The plaintiffs then sued Pacific, alleging negligence and breach of express and implied warranties. Pacific, in turn, cross-claimed against Tobiason Potato Company, from whom Pacific had purchased the seed, and Gilleshammer, who grew the seed. Tobiason made a tender of defense to Gilleshammer, who accepted the tender. After a 4-week trial, at which evidence concerning warranties and the language of the disclaimer was presented, the court ruled as a matter of law the warranties had not been disclaimed and refused to give instructions on any disclaimers. It did, however, instruct on the plaintiffs' theory of negligence, as well as on breach of express warranty and the implied warranty of merchantability. The jury found for both plaintiffs; in answer to special interrogatories, it found there was no negligence but that both Pacific and Tobiason had breached the implied warranty of merchantability. As a result, it gave judgment to Pacific over against Tobiason on its cross claim. Tobiason has appealed, urging the trial court erred in its ruling that there had been no disclaimer.
Gilleshammer also brought the State of North Dakota into the suit, seeking indemnification. This claim was dismissed before trial.
Tobiason does most of its business by telephone. Seed brokers, such as Pacific, call and order seed; an oral agreement for sale is made at that time. After the sale is complete, Tobiason sends a written confirmation of sale which the broker signs and returns. The confirmation of sale does not contain any disclaimer of warranties. Tobiason ships the seed at the time it is needed by the broker. The invoice which accompanies each shipment does contain a disclaimer. Tobiason argues this disclaimer was effective to exclude the implied warranty of merchantability.
The disclaimer reads:
"Tobiason Potato Co. gives no warranty, express or implied, as to description, variety, quality, or productiveness, and will not in any way be responsible for the crop. All claims must be reported immediately on receipt of cars and full particulars mailed within 5 days or no claim will be allowed."

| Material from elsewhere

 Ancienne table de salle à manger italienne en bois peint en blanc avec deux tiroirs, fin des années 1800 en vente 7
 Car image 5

[1, 2] The Uniform Commercial Code allows a seller to give warranties and also to limit or exclude them. Disclaimers, however, are not favored in the law; as a result, courts have added two conditions for effectiveness: a disclaimer must be explicitly negotiated or bargained for and it must set forth with particularity the qualities and characteristics being disclaimed. Berg v. Stromme, 79 Wn.2d 184, 484 P.2d 380 (1971); Dobias v. Western Farmers Ass'n, 6 Wn. App. 194, 200, 491 P.2d 1346 (1971); DeCoria v. Red's Trailer Mart, Inc., 5 Wn. App. 892, 491 P.2d 241 (1971). A disclaimer which is made after a sale is completed cannot be effective because it was not a part of the bargain between the parties. Dorman v. International Harvester Co., 46 Cal.App.3d 11, 120 Cal.Rptr. 516 (1975); Cambern v. Hubbling, 307 Minn. 168, 238 N.W.2d 622 (1976); Sugarland Indus., Inc. v. A.J. Falco, 360 S.W.2d 806 (Tex. Civ. App. 1962). Here, the sale of seed was an oral contract; both Tobiason's confirmation of sale, which did not contain a disclaimer, and the invoice, which did, were sent to Pacific after the sale was complete. There was no discussion between Pacific and Tobiason concerning the disclaimer and no agreement that Pacific would be bound by it. Any disclaimer on Tobiason's invoice was unbargained for and thus not effective to exclude any warranty.

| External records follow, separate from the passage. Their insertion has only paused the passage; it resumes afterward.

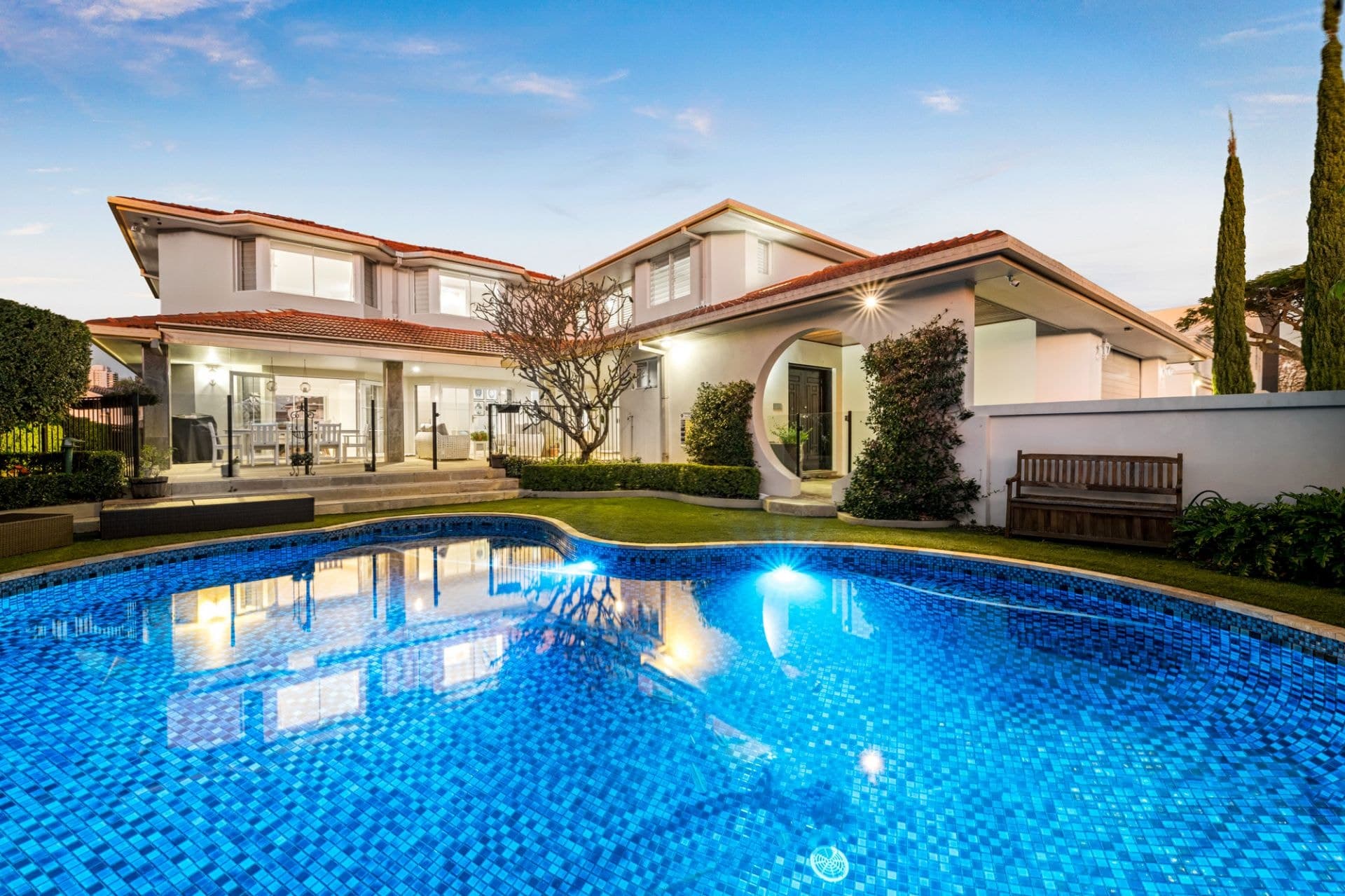 116 Commodore Drive, Paradise Waters - Thumbnail 4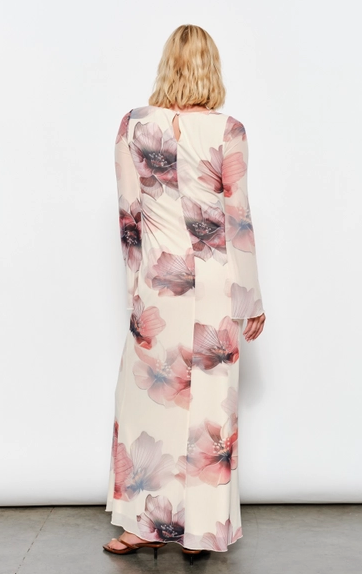 Ariana Maxi Dress – Dreamy, Feminine, Romantic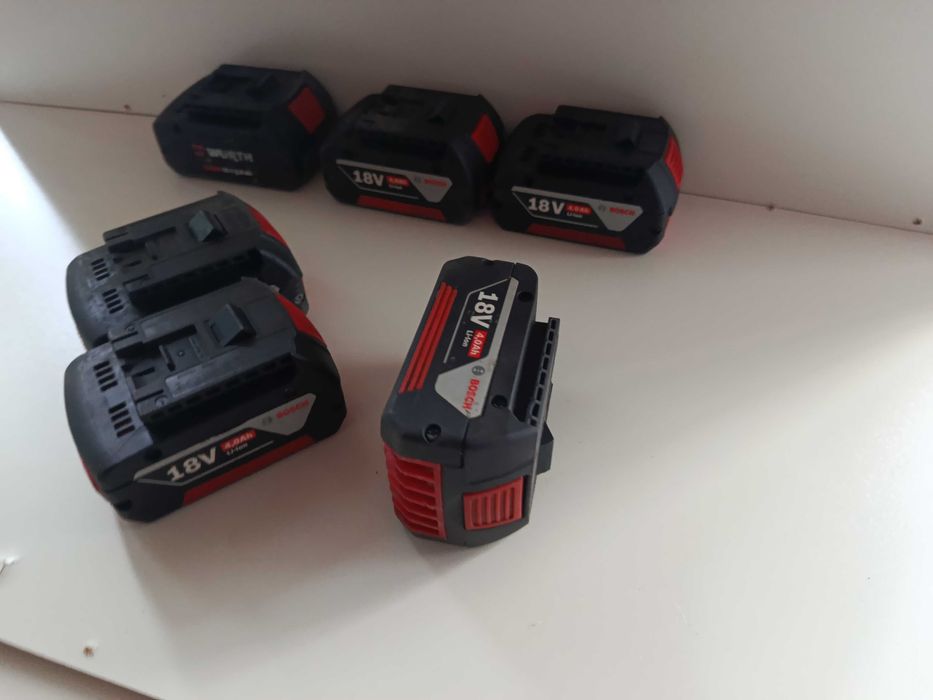 BOSCH 4.0Ah 18V acumulator baterie sursa autofiletanta bormasina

Warranties may be either express, RCW 62A.2-313, or implied. The implied warranties are of merchantability, i.e., fit for ordinary purposes, RCW 62A.2-314, or of fitness for a particular purpose, which arises when a seller knows of the particular purpose for which the goods are required and that the buyer is relying on the seller's expertise. RCW 62A.2-315.
RCW 62A.2-316:
"(1) Words or conduct relevant to the creation of an express warranty and words or conduct tending to negate or limit warranty shall be construed wherever reasonable as consistent with each other; but subject to the provisions of this Article on parol or extrinsic evidence (RCW 62A.2-202) negation or limitation is inoperative to the extent that such construction is unreasonable.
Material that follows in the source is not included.